_WORK INSTRUCTIONS_:
Return the listing exactly, please; no pictures.

════════════════════

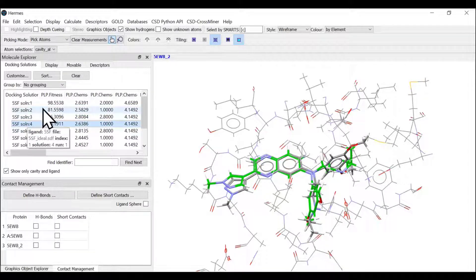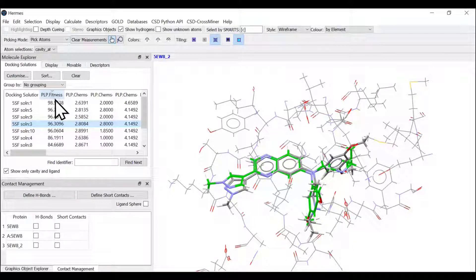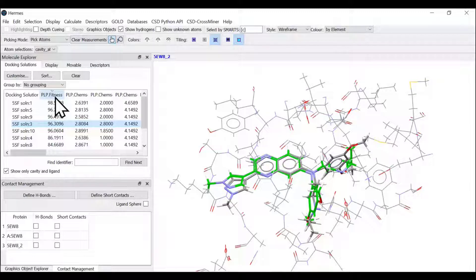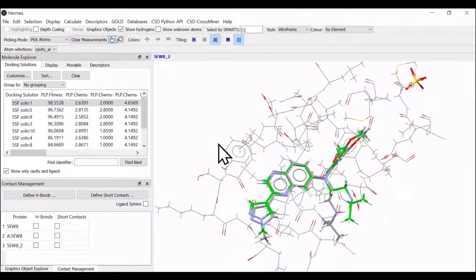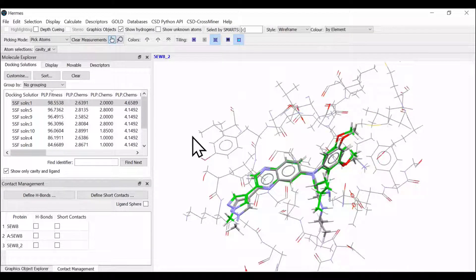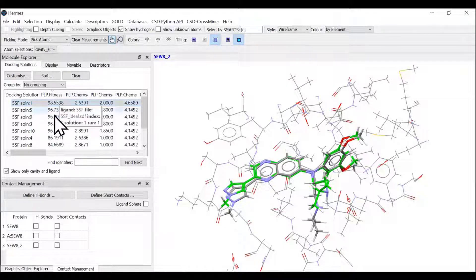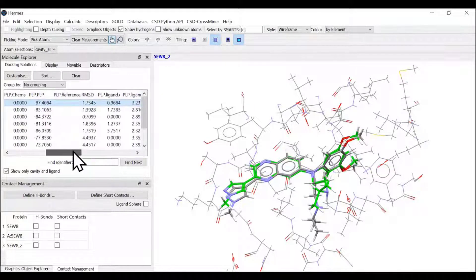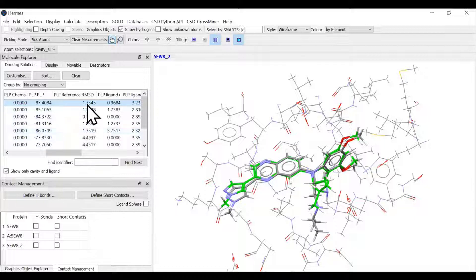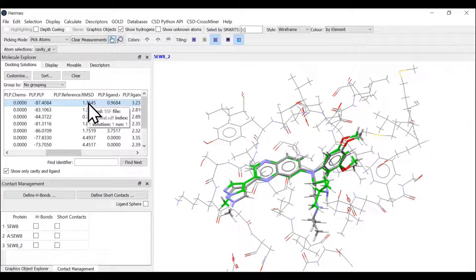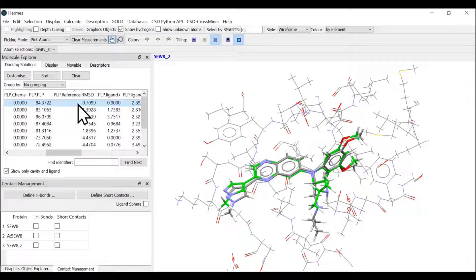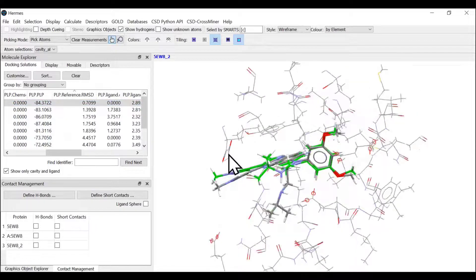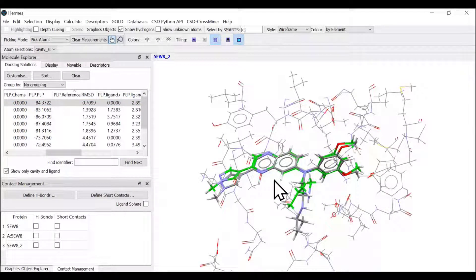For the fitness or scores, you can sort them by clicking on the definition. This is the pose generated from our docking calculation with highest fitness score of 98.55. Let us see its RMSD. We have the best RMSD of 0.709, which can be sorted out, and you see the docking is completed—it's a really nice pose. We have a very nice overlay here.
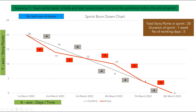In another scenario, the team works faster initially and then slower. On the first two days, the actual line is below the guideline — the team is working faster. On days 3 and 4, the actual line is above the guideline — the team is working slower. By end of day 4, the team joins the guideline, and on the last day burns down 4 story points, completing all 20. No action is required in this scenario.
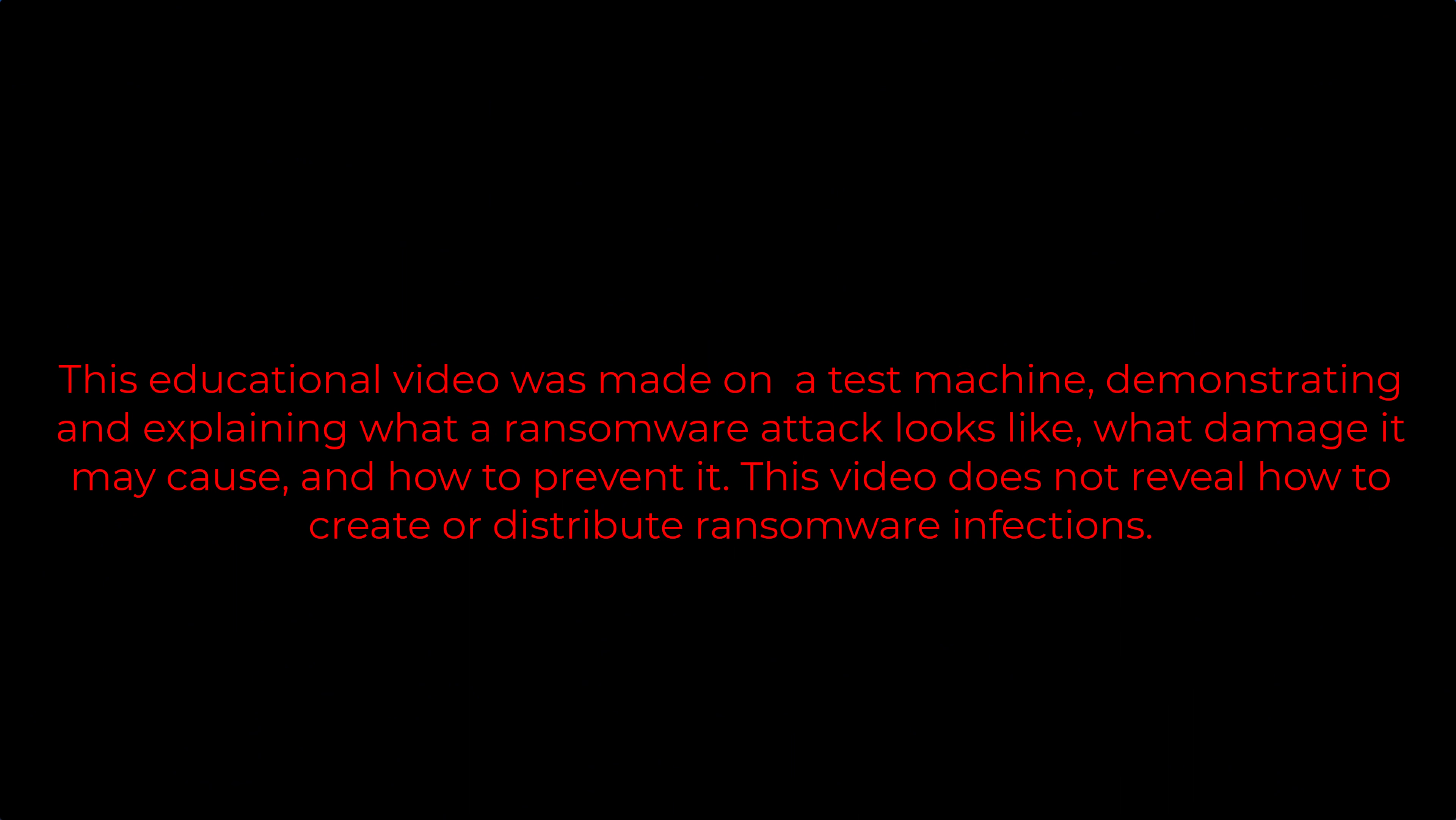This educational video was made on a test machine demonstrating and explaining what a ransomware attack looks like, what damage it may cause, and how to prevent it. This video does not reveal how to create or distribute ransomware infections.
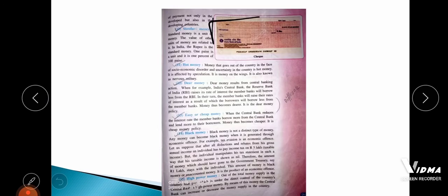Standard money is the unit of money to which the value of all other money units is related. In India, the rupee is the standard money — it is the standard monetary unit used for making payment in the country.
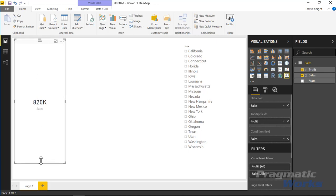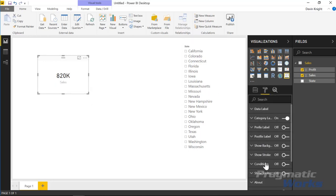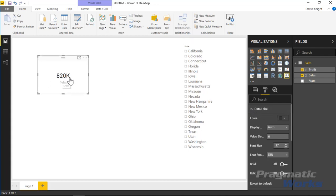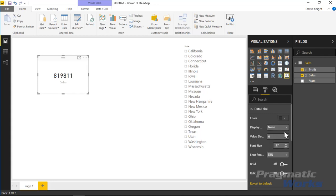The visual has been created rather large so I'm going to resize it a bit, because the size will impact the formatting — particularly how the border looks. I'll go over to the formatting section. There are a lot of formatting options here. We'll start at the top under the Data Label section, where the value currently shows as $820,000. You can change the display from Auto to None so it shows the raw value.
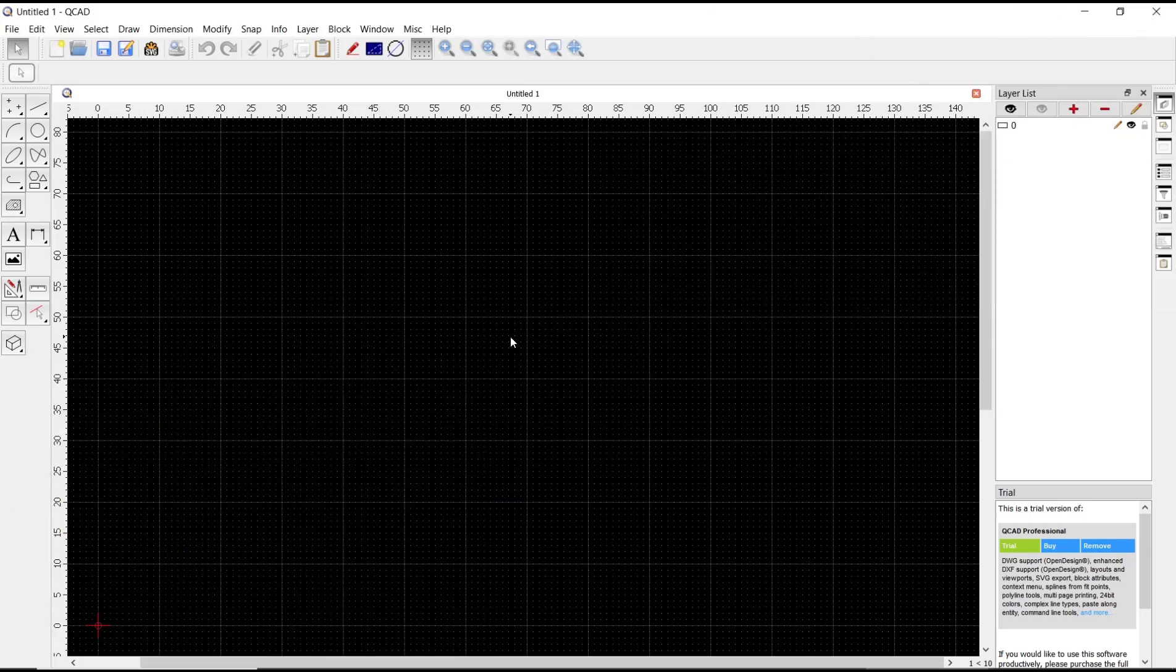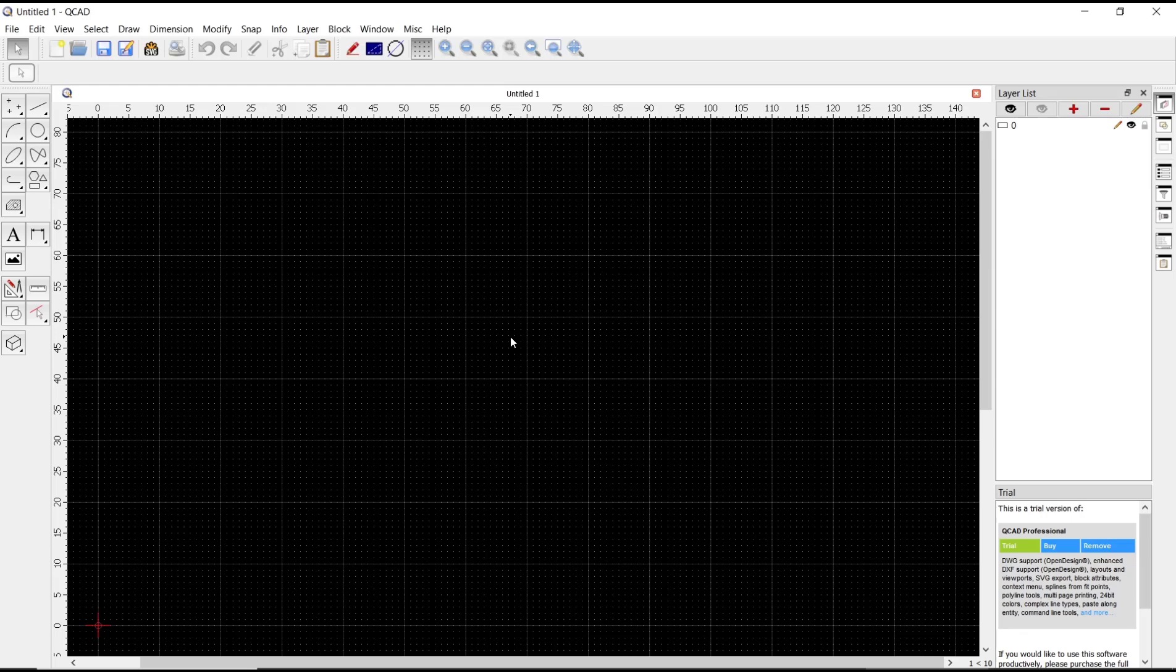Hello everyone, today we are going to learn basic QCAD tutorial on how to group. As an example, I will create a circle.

════════════════════

_ANSWER AREA_:
For the fitness or scores, you can sort them by clicking on the definition. This is the pose generated from our docking calculation with highest fitness score of 98.55. Let us see its RMSD. We have the best RMSD of 0.709, which can be sorted out, and you see the docking is completed—it's a really nice pose. We have a very nice overlay here.
In another scenario, the team works faster initially and then slower. On the first two days, the actual line is below the guideline — the team is working faster. On days 3 and 4, the actual line is above the guideline — the team is working slower. By end of day 4, the team joins the guideline, and on the last day burns down 4 story points, completing all 20. No action is required in this scenario.
This educational video was made on a test machine demonstrating and explaining what a ransomware attack looks like, what damage it may cause, and how to prevent it. This video does not reveal how to create or distribute ransomware infections.
Standard money is the unit of money to which the value of all other money units is related. In India, the rupee is the standard money — it is the standard monetary unit used for making payment in the country.
The visual has been created rather large so I'm going to resize it a bit, because the size will impact the formatting — particularly how the border looks. I'll go over to the formatting section. There are a lot of formatting options here. We'll start at the top under the Data Label section, where the value currently shows as $820,000. You can change the display from Auto to None so it shows the raw value.
Hello everyone, today we are going to learn basic QCAD tutorial on how to group. As an example, I will create a circle.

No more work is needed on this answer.